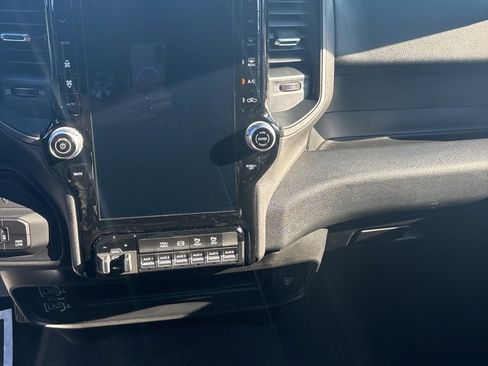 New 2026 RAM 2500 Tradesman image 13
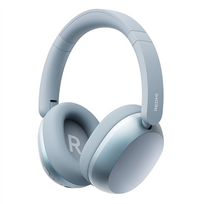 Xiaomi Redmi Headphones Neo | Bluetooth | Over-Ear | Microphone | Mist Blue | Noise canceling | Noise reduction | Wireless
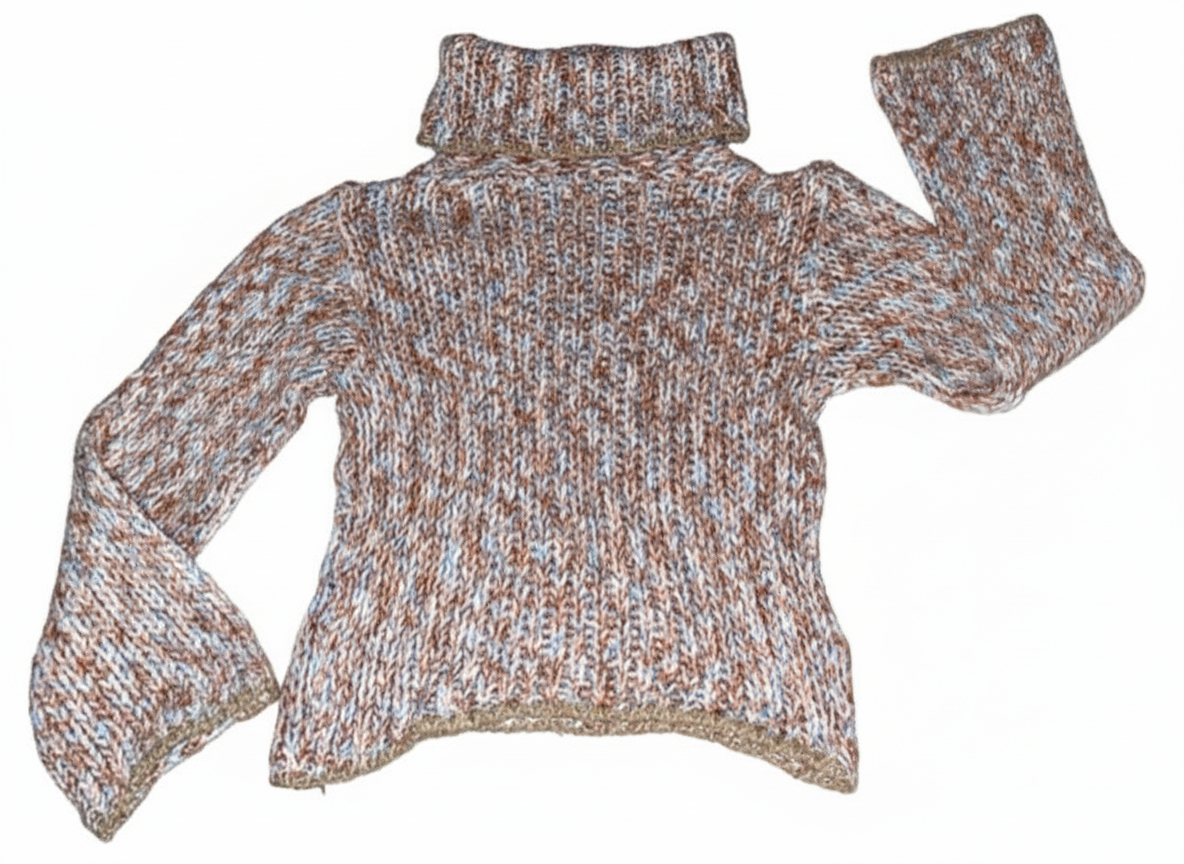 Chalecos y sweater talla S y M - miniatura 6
* * *
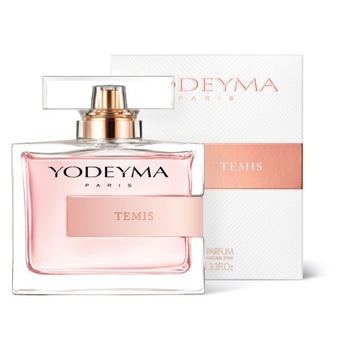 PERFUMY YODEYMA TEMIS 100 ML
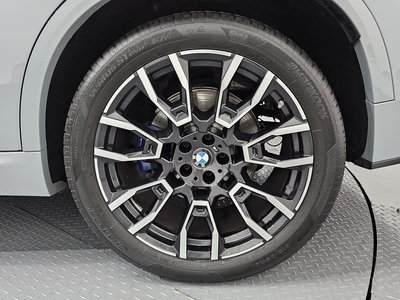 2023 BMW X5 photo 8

Action item - Reproduce the listing above exactly from the line containing "Xiaomi Redmi Headphones" up to and including the line containing "Chalecos y sweater talla S y M - miniatura 6", omitting any images and everything outside those lines.

Response to the exercise -
 Xiaomi Redmi Headphones Neo | Bluetooth | Over-Ear | Microphone | Mist Blue | Noise canceling | Noise reduction | Wireless
 Chalecos y sweater talla S y M - miniatura 6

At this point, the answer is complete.